Some companies are now adjusting their strategies in China to the changing economic situation. The survey said that pessimism about growth and profitability has made European businesses cut back, particularly through redundancy with 39 percent of responding companies planning to slash costs — a large jump from 24 percent last year — with most planning lay-offs.

The Business Confidence Survey 2015 was co-conducted by the European Union Chamber of Commerce in China and Roland Berger Strategy Consultants.

The pain brought by the economic slowdown has hit China veterans hardest, that is, European companies operating in China for more than 10 years, rather than newcomers, European companies operating in China for less than five years, the survey said.

While on average 58 percent of European companies are optimistic about growth, 76 percent that have operated for less than five years in China are positive, the survey said.

Wuttke said longer established companies come mainly from manufacturing but now China is facing overcapacity. Newcomers, who have entered areas which didn’t exist five years ago, are, in a sense, catering to new China.

The survey said most European companies are looking forward to China's reform agenda, and applauds the anti-corruption campaign, but they would want more improvement in legitimatize the environment, administrative issues and discretionary enforcement of regulations.

In particular, a better implementation of rule of law is seen as the top driver for China's economic development going forward, Wuttke said.

Xu Hongcai, a senior economist at the China Center for International Economic Exchanges, a government think tank, said although China’s economic is slowing down, ODI and FDI are both growing quickly this year and the Road and Belt Initiative is also inspiring, so the economy in future has great potential.

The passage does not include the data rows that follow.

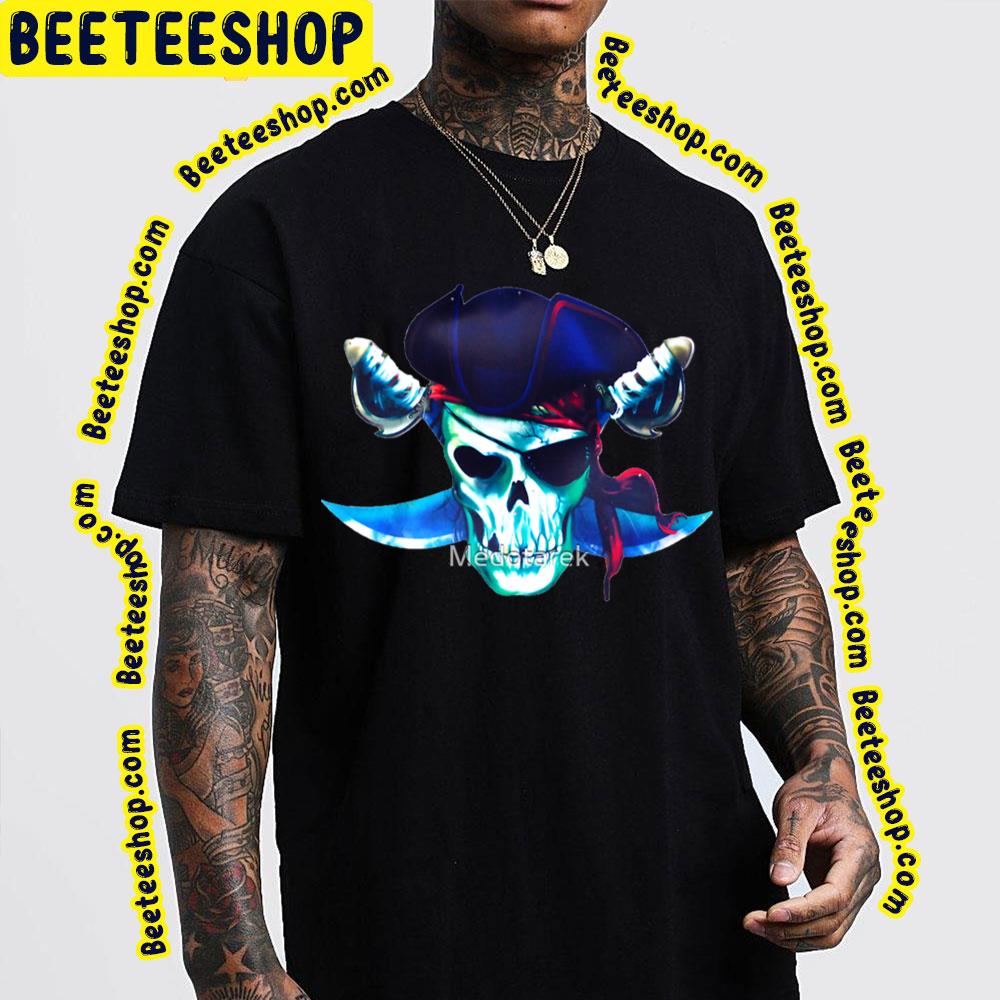 Skull Of Pirate Trending Unisex T-Shirt Skull Of Pirate Trending Unisex T-Shirt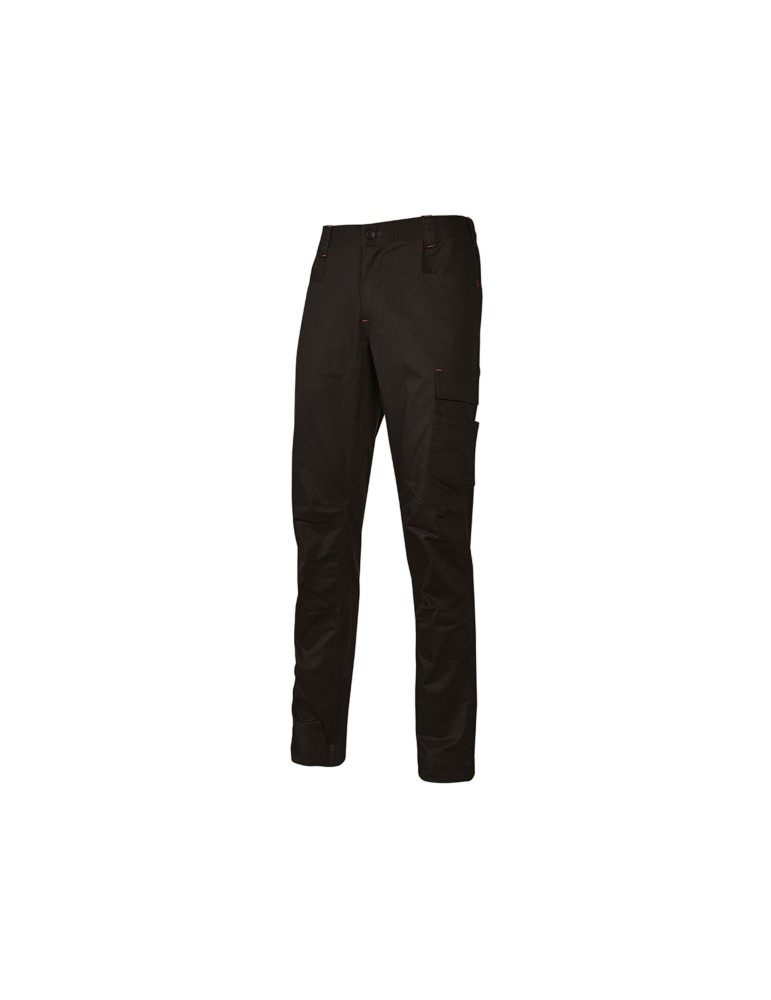 Work Pants u-power Bravo Top Black Carbon ST270BC Work Pants u-power Bravo Top Black Carbon ST270BC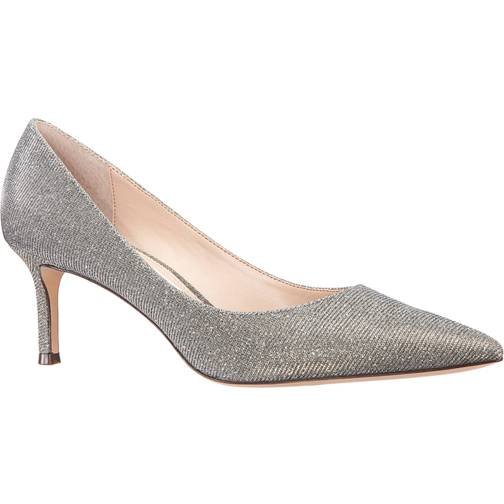 Nina 60 Pointed Toe Pump in Glitter Fabric at Nordstrom, Glitter Fabric ...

Xu said that in the past two years, after the Third Plenum of the 18th Central Committee of Communist Party of China in 2013, there has been great effort to streamline administration and delegate power to the lower levels, and thousands of powers have been delegated.

"The pace of reform in the past two years is faster than that of the 10 years before," he said.

The survey also said innovation will be one of the most critical drivers needed to move the Chinese economy up the value chain.

More than two thirds of European companies that engage in research and development do not have centers in China, and those that do still tend to use them first and foremost for product localization. So it is also important for China to take measures to attract and retain more international talent.